Ricky Ian Gordon’s Fascinating, Disturbing Ellen West Premieres at Opera Saratoga

United StatesUnited States 2019 Opera Saratoga Summer Festival – Gordon, Ellen West: Soloists, The Opera Saratoga Orchestra / Lidiya Yankovskaya (conductor), Opera Saratoga, The Spa Little Theater, Saratoga Springs, NY, 12.7.2019. (RP)

Jennifer Zetlan (Ellen West) © Gary David Gold

Production:
Director and Choreographer – Emma Griffin
Sets – Laura Jellinek
Costumes – Kay Voyce
Lighting – Josh Epstein
Wigs and Makeup – Sondra Nottingham

Cast:
Ellen West – Jennifer Zetlan
Poet/Ludwig Binswanger/Husband – Keith Phares
Orderlies – Penelope Kendros, Nicholas Martorano

‘I love sweets,—
heaven
would be dying on a bed of vanilla ice cream …’

The opening of Pulitzer Prize winner Frank Bidart’s poem ‘Ellen West’ would transport many into a state of bliss, but it is actually a cry of despair from a woman suffering from anorexia nervosa. Ellen West (1888-1921) is the pseudonym of one of Ludwig Binswanger’s patients at his Swiss sanatorium. Bidart’s poem, which serves as the primary source for Ricky Ian Gordon’s opera, juxtaposes fictitious accounts of her personal struggles with the doctor’s actual clinical observations of his patient, who committed suicide days after being released from his care.

When Gordon lost his partner to AIDS in 1996, he turned to books and poetry to help him through the grieving process.
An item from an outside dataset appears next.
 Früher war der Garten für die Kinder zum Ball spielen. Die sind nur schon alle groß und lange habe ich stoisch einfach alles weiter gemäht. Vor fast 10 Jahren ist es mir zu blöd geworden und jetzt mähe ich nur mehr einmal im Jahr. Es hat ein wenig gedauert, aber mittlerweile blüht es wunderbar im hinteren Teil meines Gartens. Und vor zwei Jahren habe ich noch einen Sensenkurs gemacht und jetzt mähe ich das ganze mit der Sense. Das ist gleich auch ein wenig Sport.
He happened upon Bidart’s Ellen West, written in the mid-1970s when the writer was coming to grips with the death of his mother. In 2015, Gordon, who has also struggled with eating disorders, turned to Ellen West to fashion a chamber opera. Bidart not only granted Gordon the rights to the poem, he also wrote a prologue and epilogue to frame the story. Their deep connection with Ellen West is ever present in the opera, which received its world premiere at Opera Saratoga last month.

To a large extent, it was Emma Griffin’s vision that made Ellen West work as a theater piece. She set the drama in a sparsely furnished entry hall and room that had a Nordic, claustrophobic feel. The action, however, frequently spilled out onto the bare stage. Griffin inserted two mute orderlies into the story, androgynous creatures who functioned not only as stage hands but also as observers and participants in the drama. They too had obsessive thoughts and fears that revealed themselves in compulsive, repetitive behaviors.

Ellen West’s interior monologues spanned her obsession with the ideal body image (blond and willowy) and a complex relationship with food to musings on Maria Callas’ physical transformation from an awkward, overweight opera singer to an elegant, swan-like creature with diminished vocal powers. These scenes were bathed in washes of lurid pink, magenta and green light, a simple but effective way of signaling that we were entering the world of Ellen West’s innermost thoughts and feelings.

The opera is scored for five strings and piano. In the talk prior to the performance, Gordon explained that the C bell of the glockenspiel takes the place of the asterisks in the text. Its reverberations, he explained, are akin to those of Tibetan temple bells and impart a mystical, spiritual element to the work. In the Callas scene, Gordon wove passages from Puccini’s Tosca into the score to great effect. It came as a surprise that the instrumental interludes that connected the scenes contained some of the most arresting music of the entire opera.

Like Bidart’s ‘Ellen West’, Gordon’s opera is at its core a dramatic scene for soprano. Although he composed a few arioso-like passages for Binswanger, the character’s music is primarily accompanied recitative. Keith Phares delivered his various characters’ narratives in a clear, penetrating, powerful baritone. His sensitivity to textural nuances was exceptional, and his dramatic instincts sure. But compelling as Phares was in his various roles, they were all largely superfluous; I could imagine Binswanger’s clinical notes being projected or even read to much the same effect

The opera belongs to the title character, and soprano Jennifer Zetlan’s portrayal of Ellen West was spellbinding. She was fearless vocally and dramatically in portraying the whirlwind of complex and unfathomable thoughts and emotions that course through West’s mind. Each scene exhibited a different facet of Zetlan’s artistry, culminating in the final one, where Ellen West was giddy with joy and eating with abandon, knowing that she would soon be dead.

The combination of strings and piano was ideally suited for the intimate nature of the work and the acoustics of The Little Spa Theater. Conductor Lidiya Yankovskaya maintained a perfect balance between the instruments and singers throughout. Born of necessity, the window through which orchestra and conductor could be seen heightened the undercurrent of voyeurism inherent in witnessing a story so personal.

Ellen West is not the perfect opera, if such a thing exists. Musically, however, it finds Gordon at his best. In Ellen West, he found a character who resonated with him at a deeply personal level and, through the fusion of words and music, gave her life. She is a fascinating creation.